Sitting with the Bad Guy

A student had to write an essay in response to this quote:

Said student didn’t do so well with the essay, partly because they didn’t understand the concept of “easy and preferred answers”.

If human life had accurate easy and preferred answers, philosophers wouldn’t exist. Argument wouldn’t exist. There would be no need for thought.

Much as it may seem otherwise, I am easily bored. (It’s difficult to notice because I am also easily entertained by my own imagination, which can be whipped out at the drop of a hat. Do what you want with this statement.) The process of thinking is enjoyable to me: the result may be fine, but the means of getting there is what I appreciate. Maybe that’s why I never excelled at math: correct answers are not as pleasurable as good answers.

I also appreciate “liberal education”. I don’t want to miss anything interesting.

On Twitter and blogs, I follow an odd assortment of people. Very few of them are people I agree with—or necessarily like. I want to read about things I don’t know about. I want to read what the ex-cons and the anti-contact MAPs and the disgraced editors have to say. I want to read what the rabble-rousers and prejudiced people think. After all, “[y]ou can’t have a light without a dark to stick it in” (Arlo Guthrie). It behooves me to become familiar with the light, the dark, and that wonderful, explorable, murky grey area in between.

A few months ago, my daughter phoned me. She’d just witnessed her first car accident, and she’d been sitting with the person who was at fault–the crasher–as the victim had a whole slew of people with him. The crasher was having a bit of a rough time with what had just happened, so my daughter sat on the curb and listened until the authorities showed up. My daughter said the crasher was pale and shaking, obviously in shock: to my daughter, there were clearly two victims, and victims should not be left to flounder.

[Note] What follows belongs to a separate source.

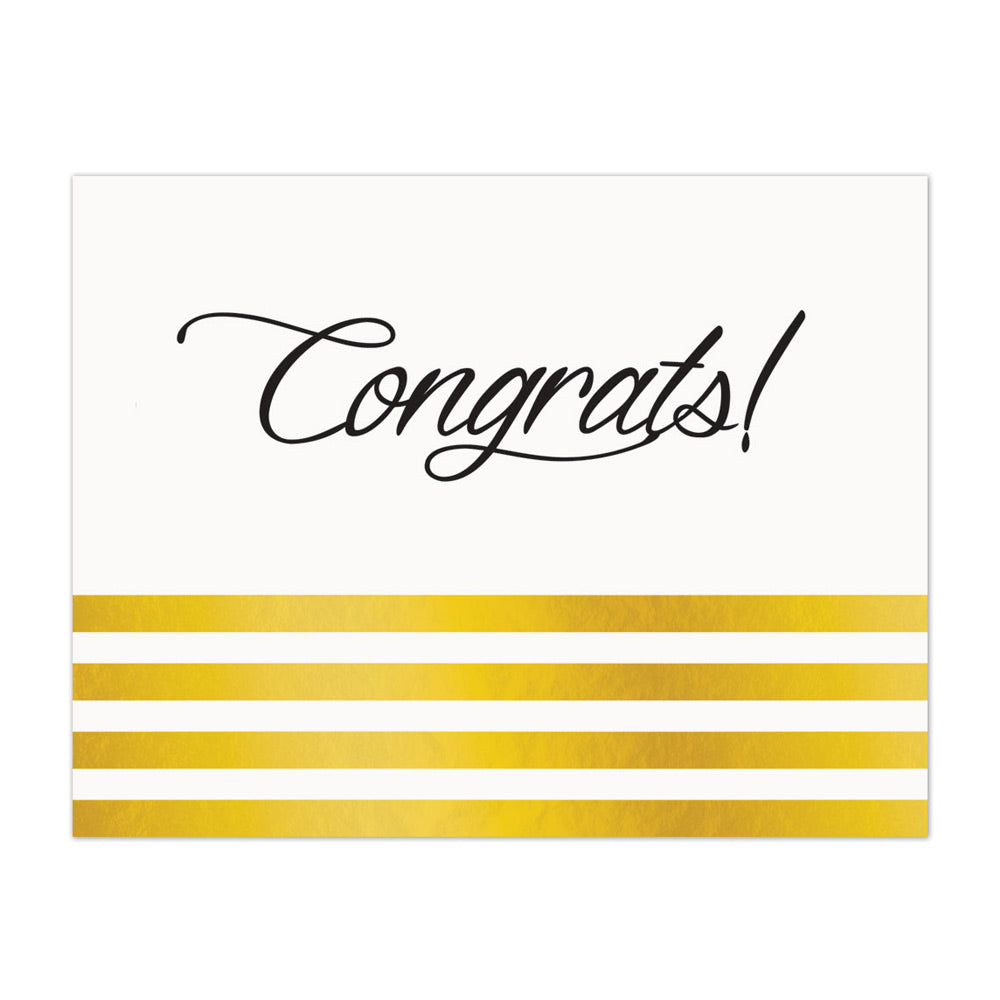 Gold Stripes Congratulations Card - White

A very long time ago, I was in the same situation as my daughter’s brief companion: I was once a crasher. Like the crasher in my daughter’s situation, I knew I was at fault and was trying to process everything while standing alone on the street corner. The priest from the nearby church came to stand with me. We didn’t talk much; it was just easier to get through that waiting period with someone close by.

I was thinking of this as I read my student’s (failure of an) essay. They had used “right” and “wrong” as adjectives for “answers”, and I realised how rarely those terms are appropriate, in my experience. Perspective is a definitive thing, and the human race has yet to share a single perspective.

Naturally, it would be very nice if everyone would share my perspective–or would that bore me?

I believe we have the right to judge things as “correct” or “incorrect”, “good” or “bad”; however, personally, I want to be quite sure I’ve got all the information before I make that judgement. I’m not ashamed to change my mind–and I’ll gladly do so if I find it necessary–but it’s that whole ounce-of-prevention-pound-of-cure thing. Backpedalling is like work.